Each line of the records below that contains "Miami" needs to be copied.

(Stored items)
____
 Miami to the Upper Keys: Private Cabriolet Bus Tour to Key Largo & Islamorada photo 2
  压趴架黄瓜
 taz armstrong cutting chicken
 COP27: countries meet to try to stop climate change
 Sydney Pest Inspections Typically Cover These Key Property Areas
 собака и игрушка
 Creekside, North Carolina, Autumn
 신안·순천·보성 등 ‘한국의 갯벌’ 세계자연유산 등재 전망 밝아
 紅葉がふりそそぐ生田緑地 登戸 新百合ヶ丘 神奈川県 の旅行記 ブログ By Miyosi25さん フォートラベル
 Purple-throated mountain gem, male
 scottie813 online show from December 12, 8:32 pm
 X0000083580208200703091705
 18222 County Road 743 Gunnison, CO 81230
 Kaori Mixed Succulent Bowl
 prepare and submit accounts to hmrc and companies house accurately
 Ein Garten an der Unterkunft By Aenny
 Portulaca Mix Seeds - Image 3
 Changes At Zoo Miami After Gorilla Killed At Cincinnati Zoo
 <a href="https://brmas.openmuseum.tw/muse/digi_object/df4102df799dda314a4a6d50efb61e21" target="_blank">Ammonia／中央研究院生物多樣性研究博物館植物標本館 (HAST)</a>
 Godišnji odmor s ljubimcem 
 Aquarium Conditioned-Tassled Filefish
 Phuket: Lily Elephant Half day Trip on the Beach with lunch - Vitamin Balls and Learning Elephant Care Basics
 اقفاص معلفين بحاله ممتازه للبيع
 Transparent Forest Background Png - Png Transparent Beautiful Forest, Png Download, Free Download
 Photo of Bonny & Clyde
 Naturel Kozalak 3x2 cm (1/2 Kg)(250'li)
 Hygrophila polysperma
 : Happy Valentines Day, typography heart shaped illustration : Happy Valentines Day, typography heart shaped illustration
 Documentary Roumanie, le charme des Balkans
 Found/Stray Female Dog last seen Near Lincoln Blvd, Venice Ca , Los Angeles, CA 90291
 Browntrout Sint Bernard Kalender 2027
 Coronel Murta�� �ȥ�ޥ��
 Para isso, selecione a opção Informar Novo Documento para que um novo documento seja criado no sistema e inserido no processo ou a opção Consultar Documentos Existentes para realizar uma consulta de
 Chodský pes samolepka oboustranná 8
____
## Response for this exercise
 Miami to the Upper Keys: Private Cabriolet Bus Tour to Key Largo & Islamorada photo 2
 Changes At Zoo Miami After Gorilla Killed At Cincinnati Zoo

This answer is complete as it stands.